Would you copy only the lines below, from the one containing "Нова Пълноразмерна Bluetooth" through the very last one, leaving the pictures out?

*** Data block Section Begins ***

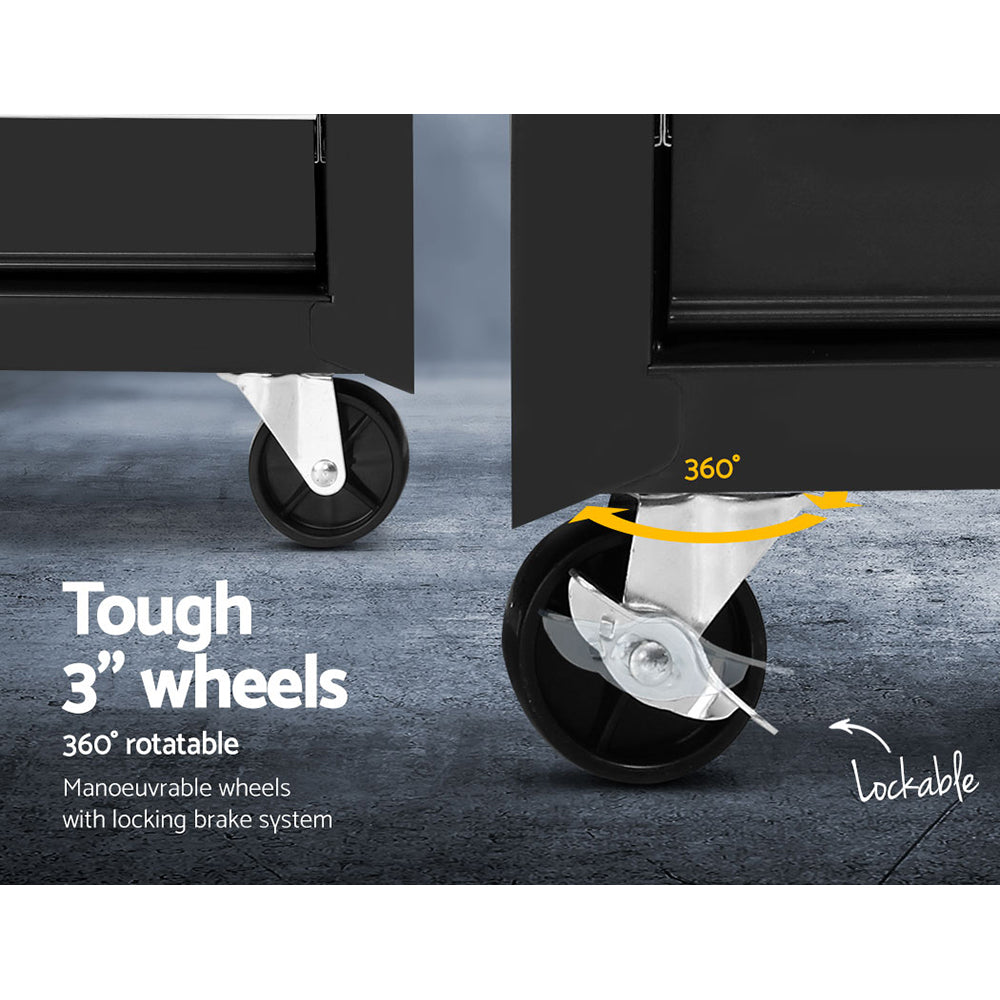 5 Drawer Roller Tool Cabinet Trolley Black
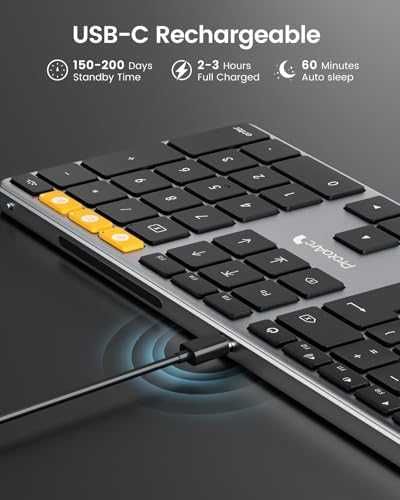 Нова Пълноразмерна Bluetooth клавиатура с LED подсветка Mac устройства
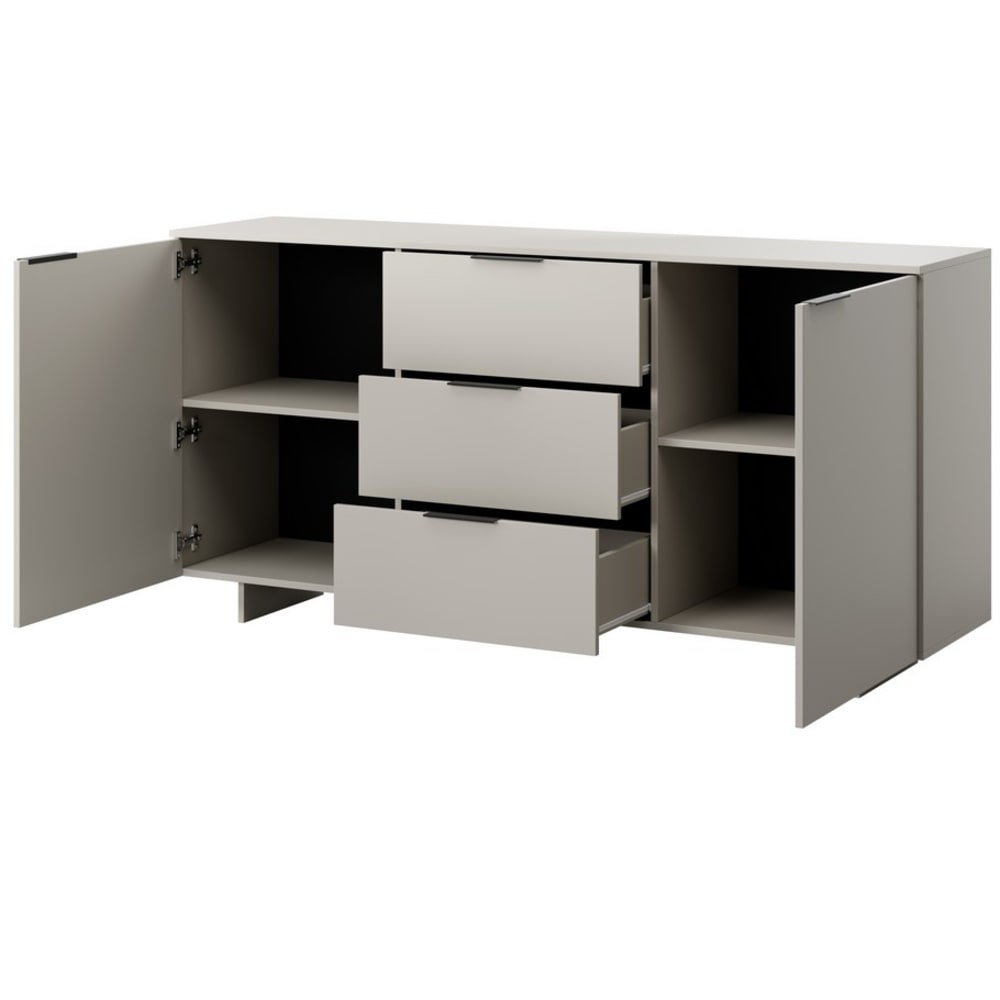 Buffet JUDE beige mat portes ouvertes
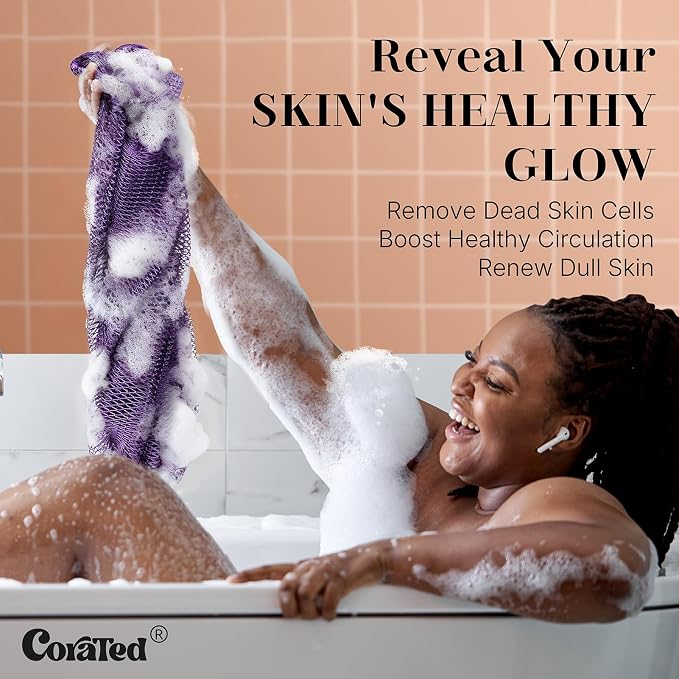 CORATED African Net Sponge Authentic, Shower Loofah Exfoliating Bath Sponge - Image 3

*** Data block Section Ends ***

» Task solution:
 Нова Пълноразмерна Bluetooth клавиатура с LED подсветка Mac устройства
 Buffet JUDE beige mat portes ouvertes
 CORATED African Net Sponge Authentic, Shower Loofah Exfoliating Bath Sponge - Image 3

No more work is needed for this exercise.